President John Pombe Magufuli has a strong claim to be Africa’s most controversial sitting president. He has divided opinion both domestically and internationally. On 28 October 2020, he stands for re-election for a second term. In the national election, a battle of ideas has been fought.

On one side, behind President Magufuli, stands Africa’s longest-ruling party, Chama cha Mapinduzi (CCM) or ‘The Party of the Revolution’. In the years preceding President Magufuli’s first term, the CCM had succumbed to a form of corrupt money politics. President Magufuli began his first term by dramatically cleaning up the house in a campaign to ‘lance the boils’, tumbua majipu. He and his allies enacted the discovery and punishment of corruption countless times. In many commentators’ eyes, this earned him the status of a populist. Indeed, the victims of corruption, on whose behalf he claimed to act, were wanyonge – ‘the downtrodden’.

However, CCM presented its cause in terms which were subtly different from populism. They waged a struggle not from below, but from above. In the classic populist imagination, the (low) people fight against the (high) elite. By contrast, CCM’s campaign was directed by President Magufuli, his lieutenants, and increasingly the senior ranks of the party from the highest echelons of power against lazy bureaucrats and corrupt businesspersons. Far from being anti-elitist, they portrayed themselves as a virtuous, vanguard elite which acted on the people’s behalf. To express this departure from populism, it can be called elitist-plebeian.

The fight against corruption was in turn one front in what was imagined as a larger war.
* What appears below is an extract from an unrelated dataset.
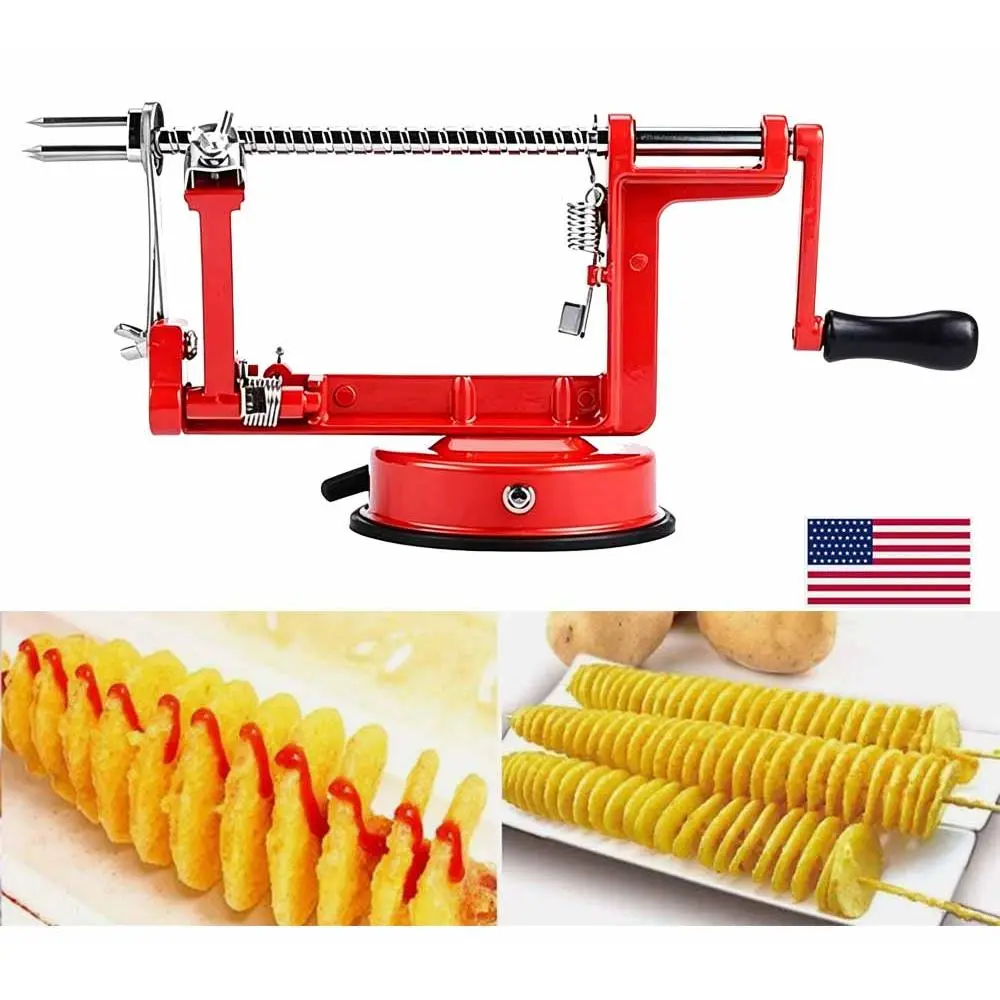 3-in-1 Hand Crank Fruit Peeler Corer Slicer, Stainless Steel Apple Potato Peeling Machine with Strong Suction Base, Rustproof Heavy Duty Kitchen Cutter for Fruits Vegetables Salad Prep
In this grander conflict, the objective was the development of Tanzania. The opponents against whom the nation strove were imperialists – mabeberu – a front of foreign enemies, some exploitative, some predatory, and some subversive, who profited from Tanzania’s poverty and wished to preserve it. President Magufuli and the CCM conceived their project as an awakening to and a rebellion against this international exploitation. In this regard, their project was nationalist.
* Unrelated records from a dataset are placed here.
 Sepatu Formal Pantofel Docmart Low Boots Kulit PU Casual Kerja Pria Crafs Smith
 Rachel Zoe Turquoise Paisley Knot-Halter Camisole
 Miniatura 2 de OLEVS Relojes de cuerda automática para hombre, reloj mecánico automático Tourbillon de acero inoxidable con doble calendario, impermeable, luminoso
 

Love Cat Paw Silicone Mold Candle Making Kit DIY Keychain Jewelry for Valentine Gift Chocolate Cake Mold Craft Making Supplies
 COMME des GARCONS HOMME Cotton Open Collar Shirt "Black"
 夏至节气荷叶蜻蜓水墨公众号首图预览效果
This involved challenging transnational mining companies and other foreign exploiters. However, ultimately, they envisaged industrialisation.  By transforming Tanzania economically, they planned to acquire strength against and independence from foreign exploitation. In the pursuit of this transformation, they prioritised the construction of dams and factories, and the accumulation of planes and trains. In this regard, their project was developmentalist.

The future that they envisaged was capitalist and modernist, one that would deliver widespread prosperity, but not the end of exploitation. Nonetheless, they construed it as the fulfilment of the long-forgotten design of Tanzania’s first president, Julius Nyerere, who espoused a philosophy of Socialism and Self-Reliance, Ujamaa na Kujitegemea. In this regard, their project was restorationist.
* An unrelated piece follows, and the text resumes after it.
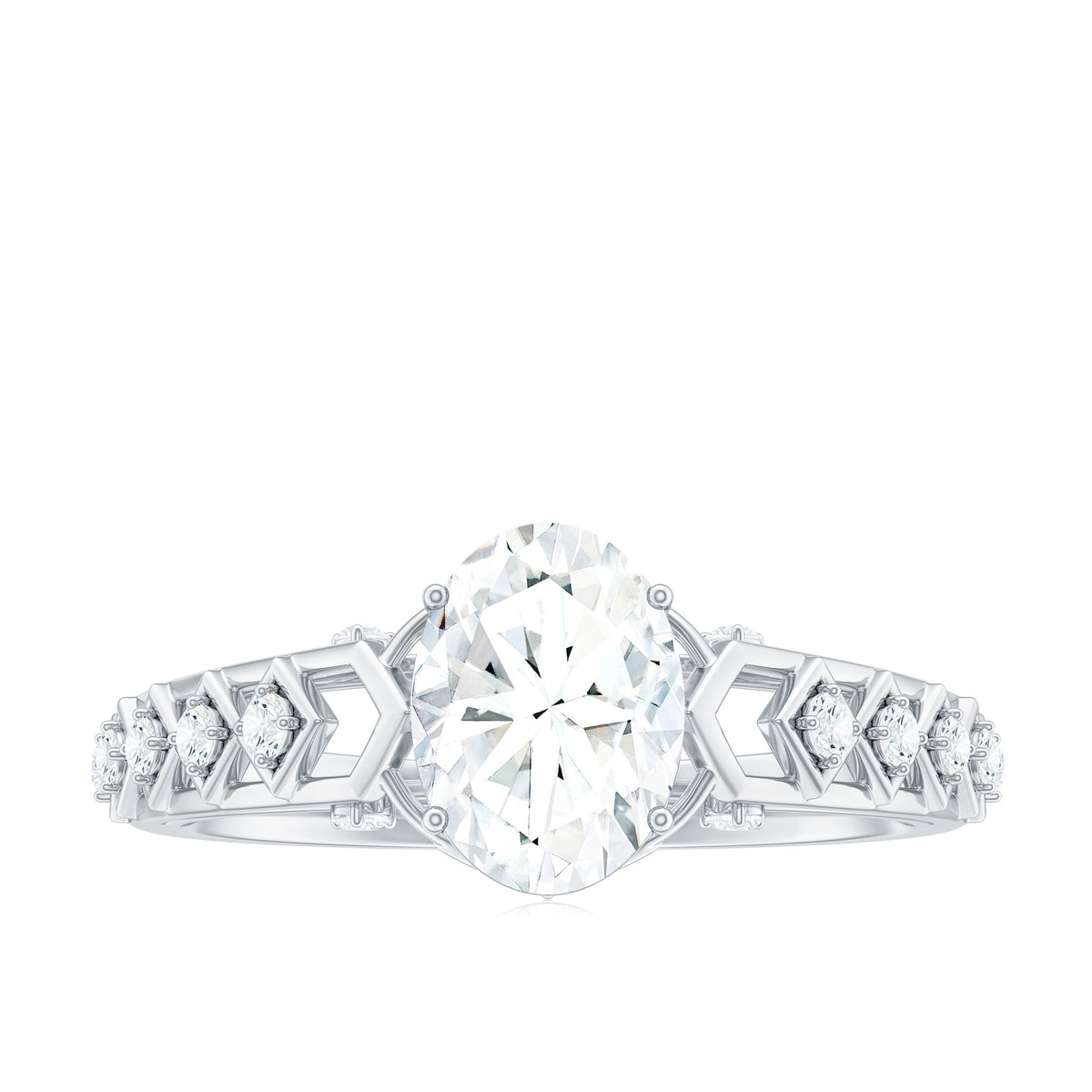 1.2 Carat Oval Cut Moissanite Solitaire Engagement Ring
President Magufuli and the CCM took an extremely authoritarian course, the breadth and depth of which cannot be emphasised enough. They justified this authoritarian agenda in relation to their nationalist, economic struggle. Democracy needed to be confined in the service of development. Critics needed to be silenced because they harmed the nation. Opposition ought to be arrested because they were agents of imperialists.

The opposition stood chiefly against this assault on democracy. In the past, the leading opposition party – Chadema – had made anticorruption the central plank of its platform. But it blunted its anticorruption message by nominating an allegation-tarnished CCM defector – Edward Lowassa - as its presidential nominee in 2015. In the wake of President Magufuli’s elitist-plebeian campaign against corruption, Chadema struggled to gain purchase on anticorruption. Instead, it focused on President Magufuli’s tyranny. It wove together media censorship, a ban on public meetings, the disappearance of journalists, and many other authoritarian acts into a national programme of oppression. It nominated Tundu Lissu as its standard bearer. Perhaps more than any other nominee could have, Lissu came to represent resistance to tyranny. Lissu narrowly survived an assassination attempt in 2017 which he and many others alleged was carried out at President Magufuli’s behest.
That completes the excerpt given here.